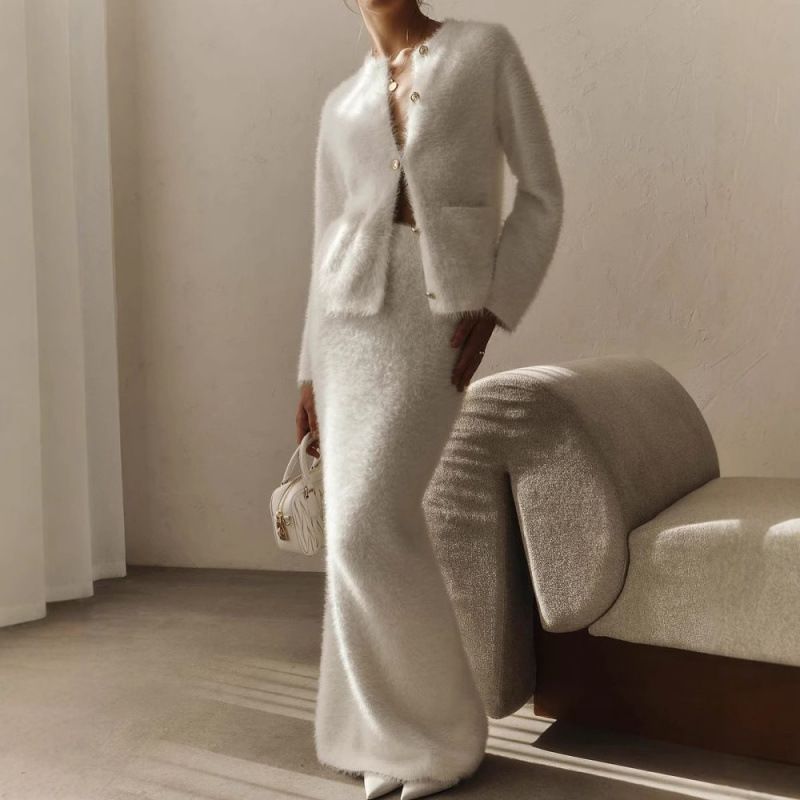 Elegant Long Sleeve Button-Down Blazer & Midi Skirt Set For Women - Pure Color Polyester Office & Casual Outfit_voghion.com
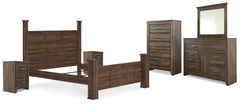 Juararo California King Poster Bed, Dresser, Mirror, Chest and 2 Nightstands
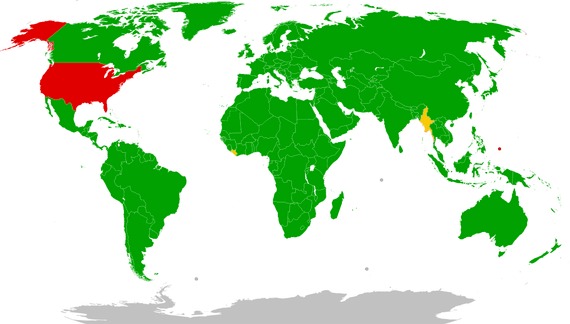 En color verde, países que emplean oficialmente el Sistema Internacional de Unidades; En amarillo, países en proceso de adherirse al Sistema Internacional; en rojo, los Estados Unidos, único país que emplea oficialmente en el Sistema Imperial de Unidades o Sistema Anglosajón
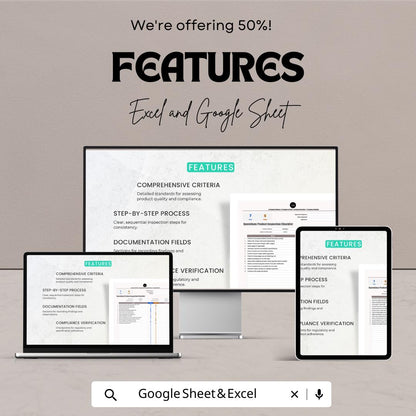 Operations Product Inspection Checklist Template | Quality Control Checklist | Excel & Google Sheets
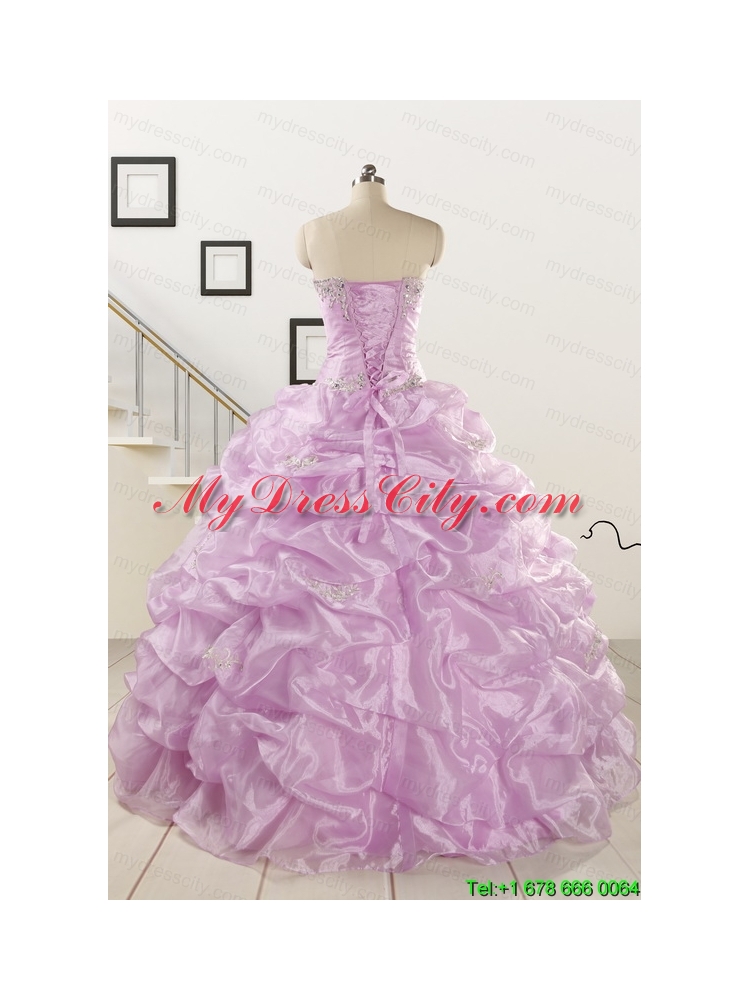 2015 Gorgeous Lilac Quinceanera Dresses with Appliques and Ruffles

- - - - -

# Work to complete
Give back exactly the lines from the opening of the listing through the line holding "Juararo California King", both ends included, with every picture omitted.

# Expected answer
 Elegant Long Sleeve Button-Down Blazer & Midi Skirt Set For Women - Pure Color Polyester Office & Casual Outfit_voghion.com
 Juararo California King Poster Bed, Dresser, Mirror, Chest and 2 Nightstands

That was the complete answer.